En esta sátira que tanto me duele -porque, ¿acaso vislumbran ustedes, allá en el horizonte, una renovación política, no contrasistema, que no incluya a tipos como Carrasco?- tiene hostias para todos. De manera sutil, desvela el control político al que están sometidos unos medios de comunicación privados que prefieren “la publicidad institucional a difundir un escándalo”. Se señala, también, la igualación entre el periodismo y el entretenimiento con tal de que el ideario influya en una opinión pública cada vez más confundida: da lo mismo ir al Hoy por Hoy de Pepa Bueno que a El Hormiguero; de hecho, es mejor ir al segundo porque lo ve más gente.
Tampoco deberíamos perder de vista el contexto familiar. La vida política exige -o al menos así lo parece- desprenderse de las relaciones afectivas más cercanas y consagrar la totalidad del tiempo a ‘hacer carrera’. Juan está virtualmente separado de su mujer y es incapaz de establecer vínculo alguno con su hija -una Esty Quesada cuyo registro youtuber se adapta perfectamente al personaje de Eva-, alguien que parece proceder de otro planeta y que lo único que logra es incomodarle, principalmente porque le obliga a enfrentarse a sus contradicciones. Las secuencias compartidas entre Juan y su hija son retablos consagrados a la incomunicación -no se miran, hablan en códigos distintos- y apuntan a una brecha generacional cada vez más insalvable (la elección de Quesada/Soy una pringada me parece fundamental porque implica una reflexión que va más allá de la propia serie para hablar de comunicación y entretenimiento a todos los niveles).
Con Vota Juan no queda más que abochornarse de risa ante el televisor. Contemplar, tal y como ya sucedía en Vergüenza, como el tiempo del plano se alarga y los silencios se vuelven insidiosos, como si el colirio de un solo uso se dispensase en envases de litro y medio; como, con prodigiosa finura, se extrae savia cómica de las adopciones o la discapacidad, de las mujeres o de las Españas olvidadas (Badajoz, Logroño).
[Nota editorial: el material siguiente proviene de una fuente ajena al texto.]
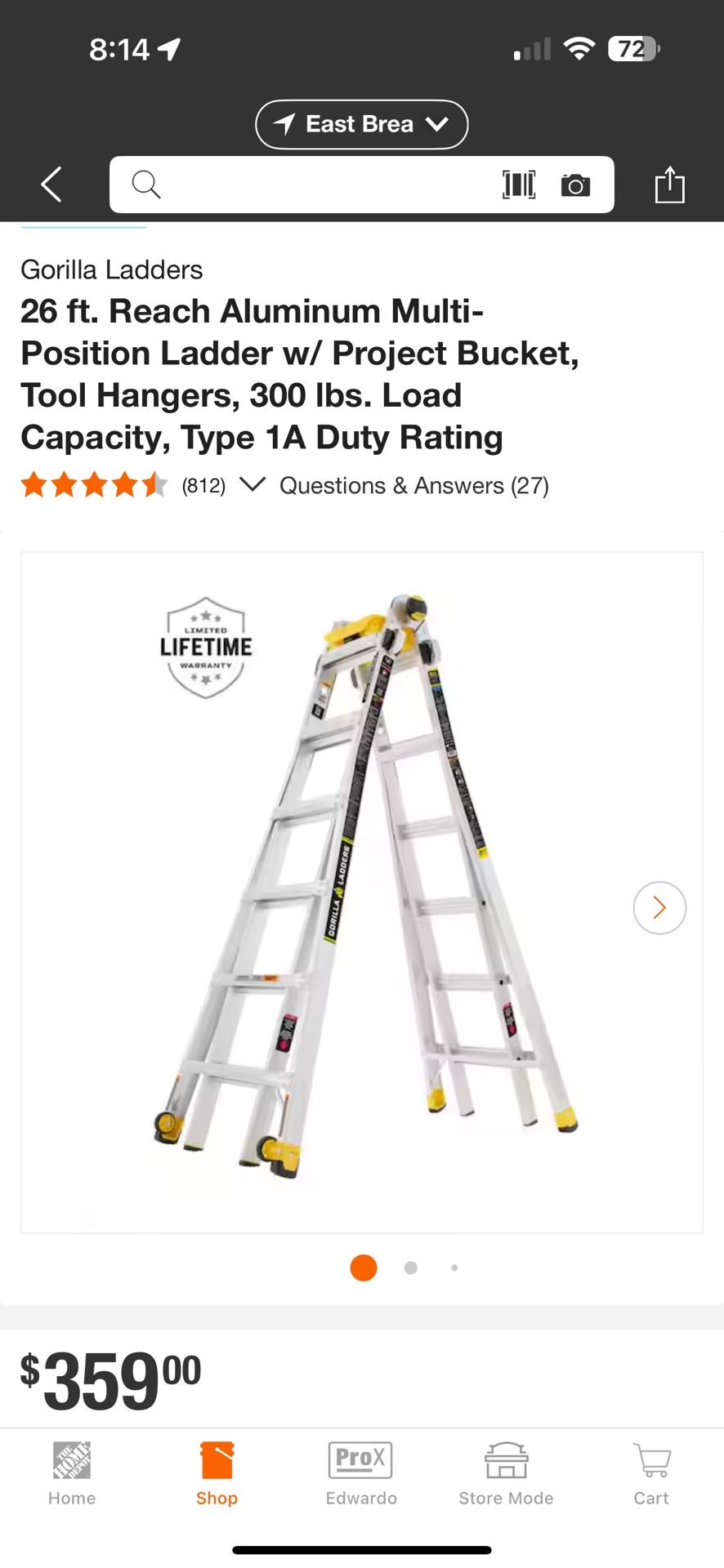 26 Ft. Multi Position Ladder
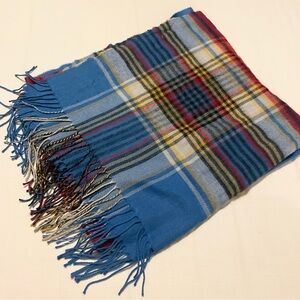 Zara Plaid Women's Scarf 70” x 30”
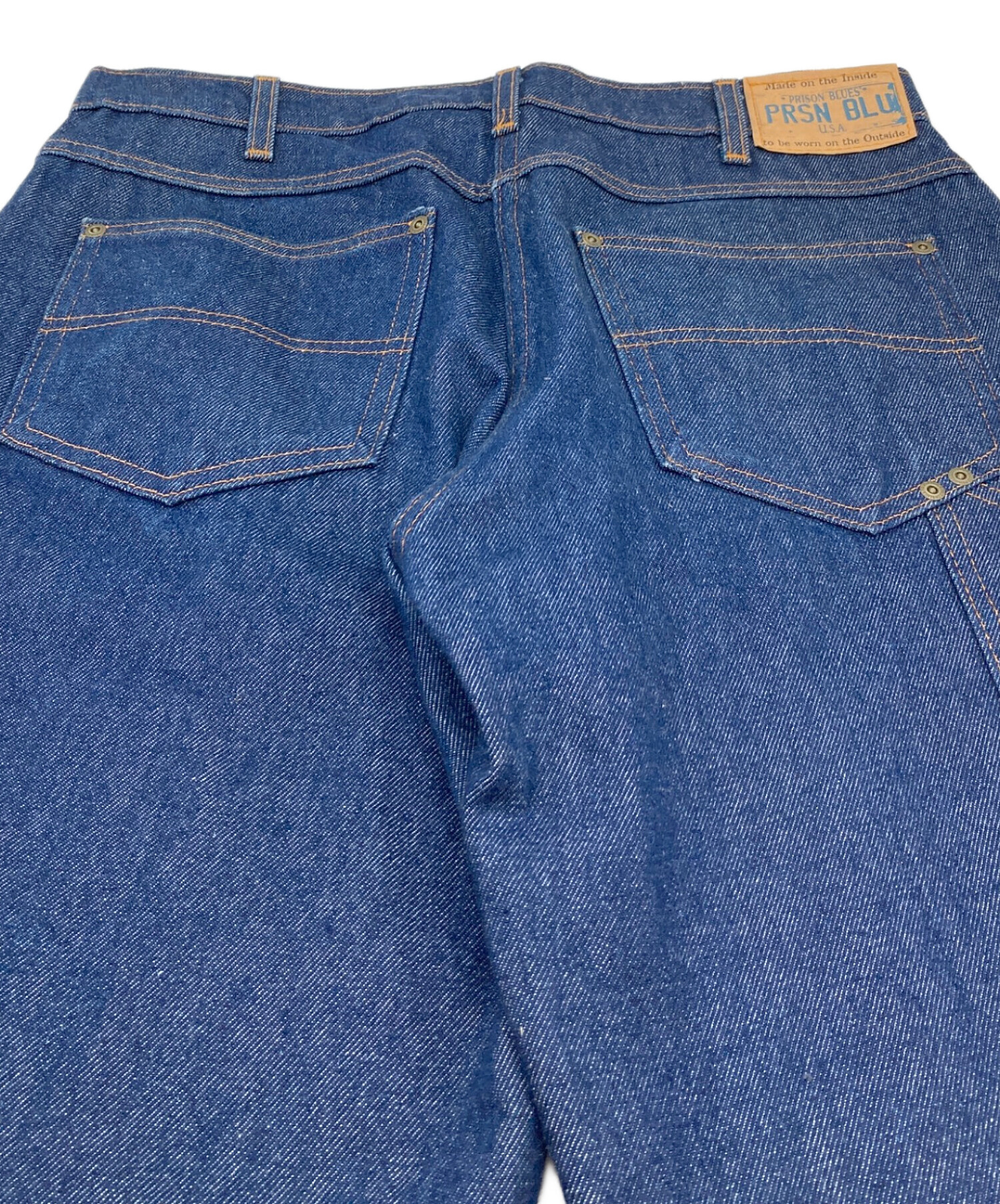 中古・古着通販】prsn blue (プリズンブルー) USA製リジットデニム 6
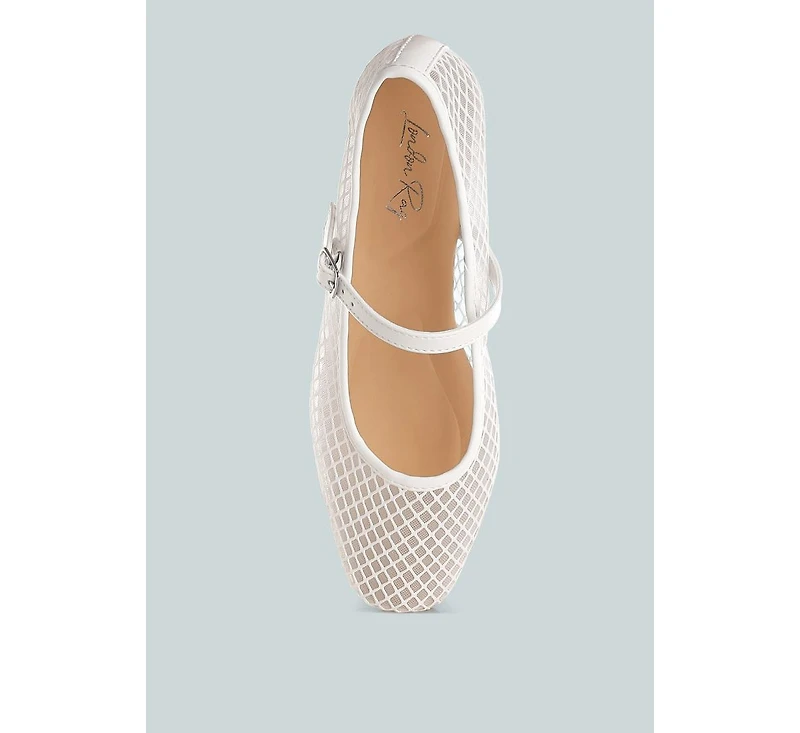 averona mesh mary jane flats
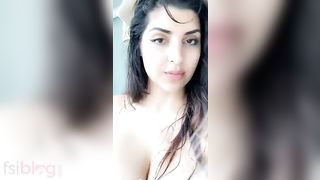 Super sexy booby wife nude shower selfie movie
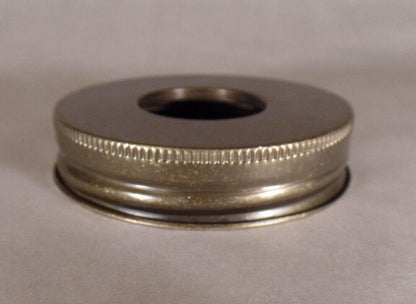 New Mason Jar to # 2 Size Reducing Collar Brass Plated Antique Finish Screw On - Stone Door Lamps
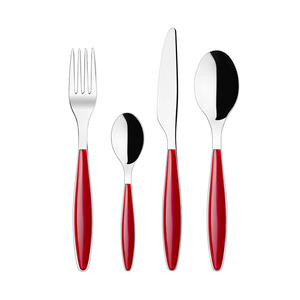 Ensemble de couverts 6 pièces en acier inoxydable au design moderne – Fourchette, couteau, cuillère, baguettes – Compatible lave-vaisselle – Vaisselle de buffet - Product Image 2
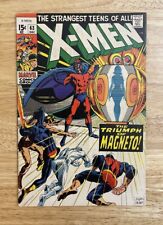 Uncanny X-Men #63 Ka-Zar App. Neal Adams Art Silver Age Fine Copy picture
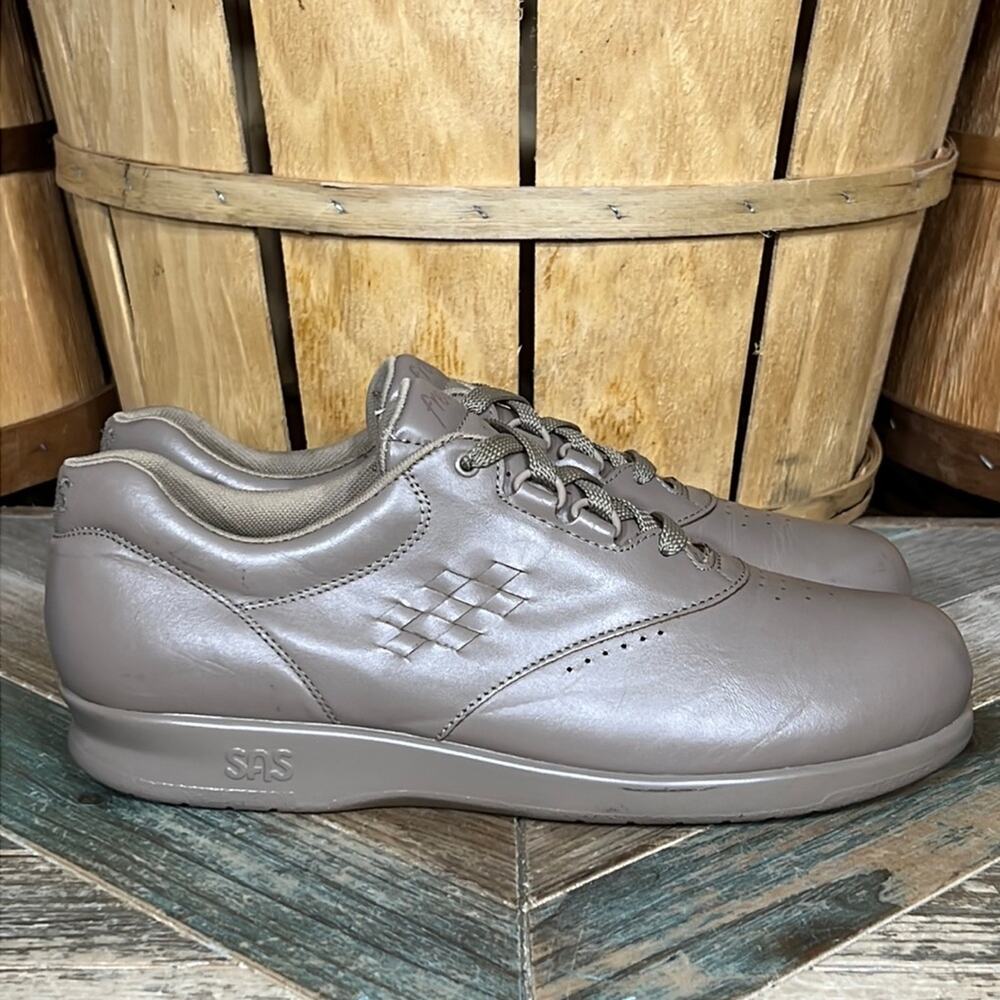 SAS Free Time Mocha Leather Tripad Comfort Walking Shoes Womens Size 9 NARROW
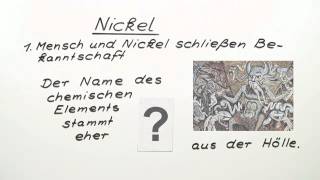 Eigenschaften des chemischen Elements Nickel  Chemie  Allgemeine und anorganische Chemie [upl. by Carberry]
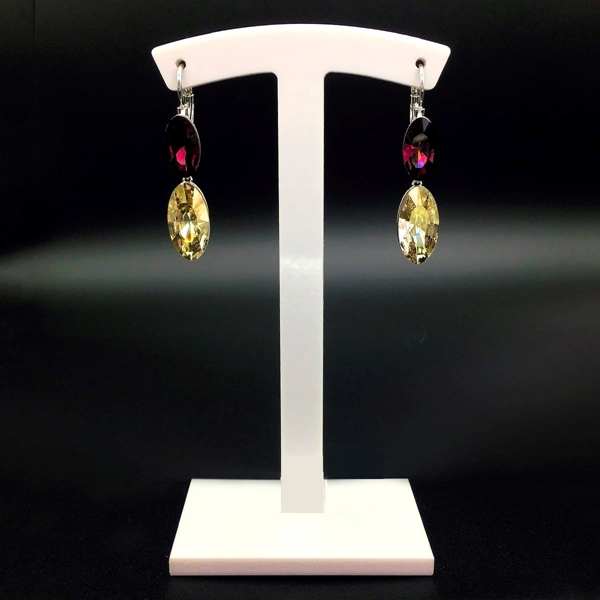 Picture of Luxury Yellow Huggie Earrings with Full Guarantee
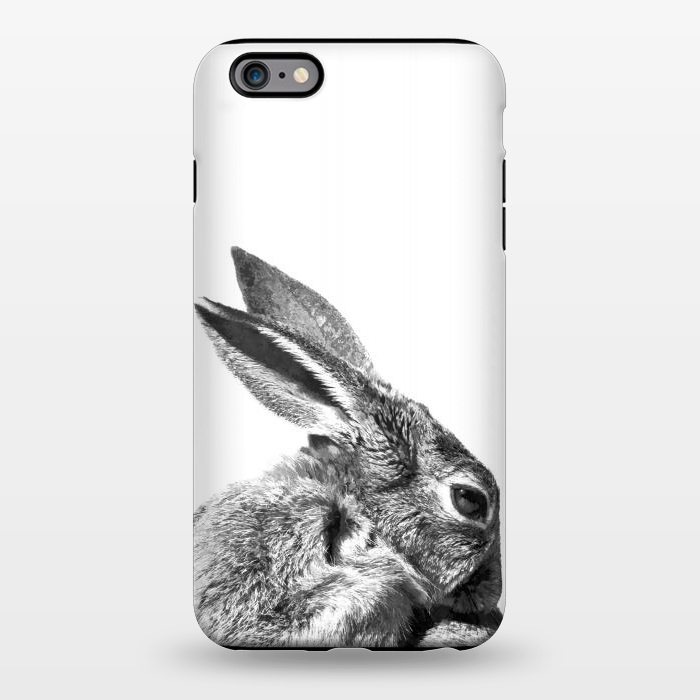 iPhone 6/6s plus StrongFit Black and White Rabbit by Alemi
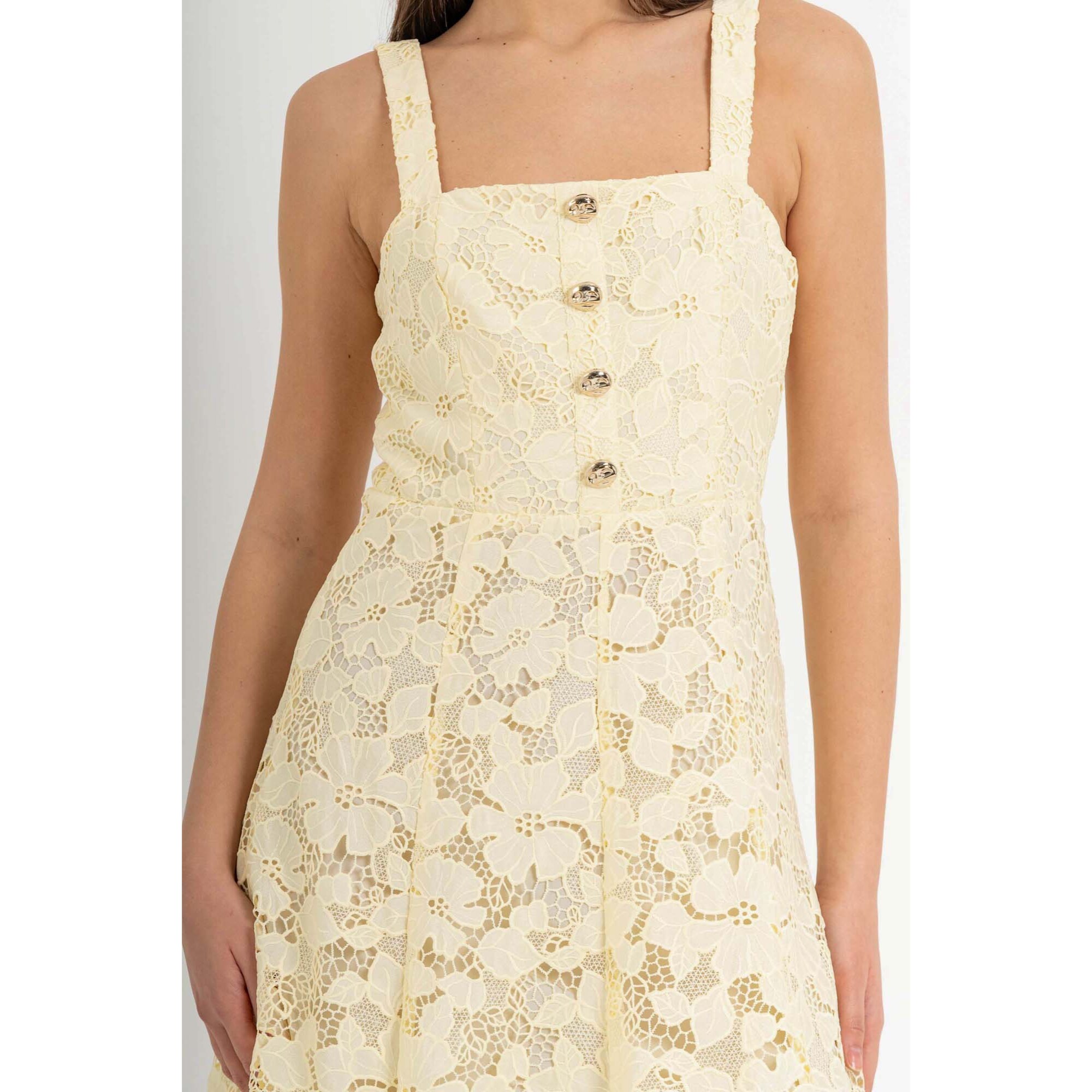 Kocca - Abito midi con pizzo Donna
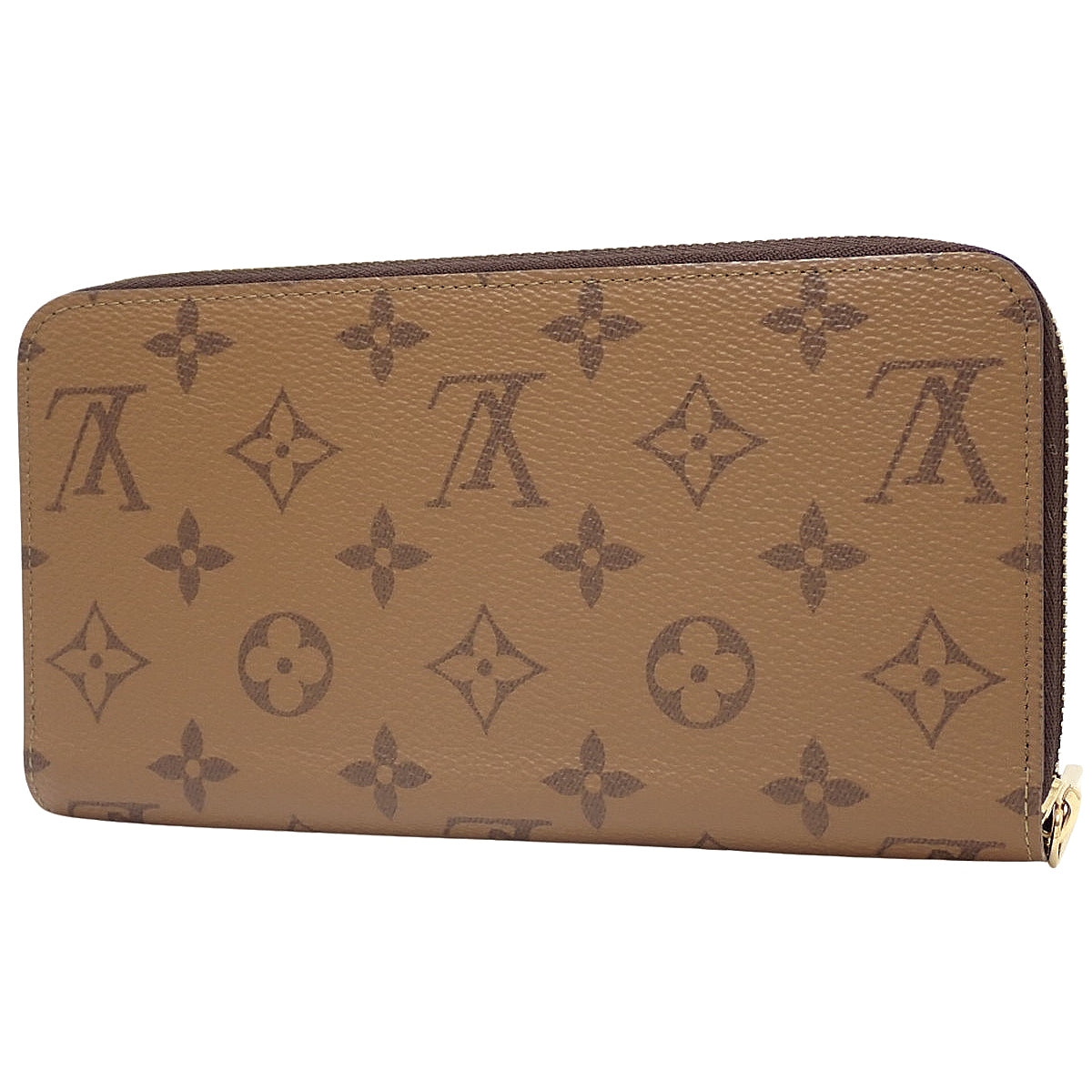 Monogram Reverse Zippy Wallet, Camel, M82444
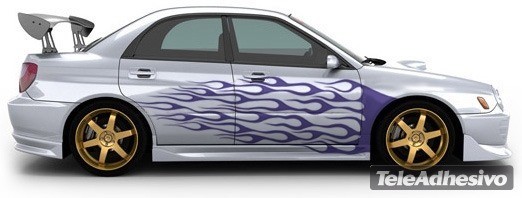 Pegatinas: Kit Flaming 30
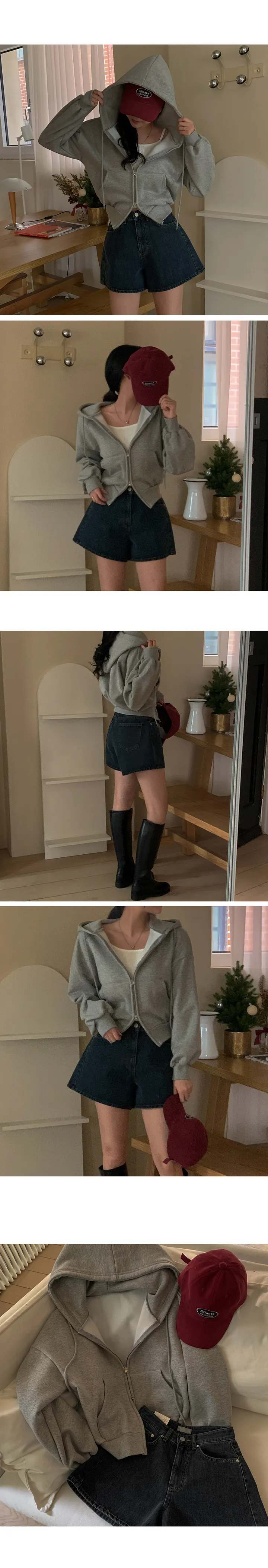 MADE💕[1만장돌파🚀] 핏대박 ver.2 크롭 후드 집업 투웨이 크롭집업 6color 상세 이미지 3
Y todo eso sucede porque San José, Cavestany, Daniel Castro y Víctor García de León (autor de Selfie, sin duda, el programa doble ideal con esta serie) saben en qué dirección viaja el sentido del humor: aquí la mofa no recae sobre las amas de casa, las hijas obesas o la gente de pueblo, aquí esas bromas provocan sonrojo -impiden incluso un visionado maratoniano, por tanta incomodidad como generan- y ponen en evidencia al que las pronuncia, jamás al que las recibe. Parafraseando a la propia serie, a eso se le llama utilizar el humor sin hacer el ridículo.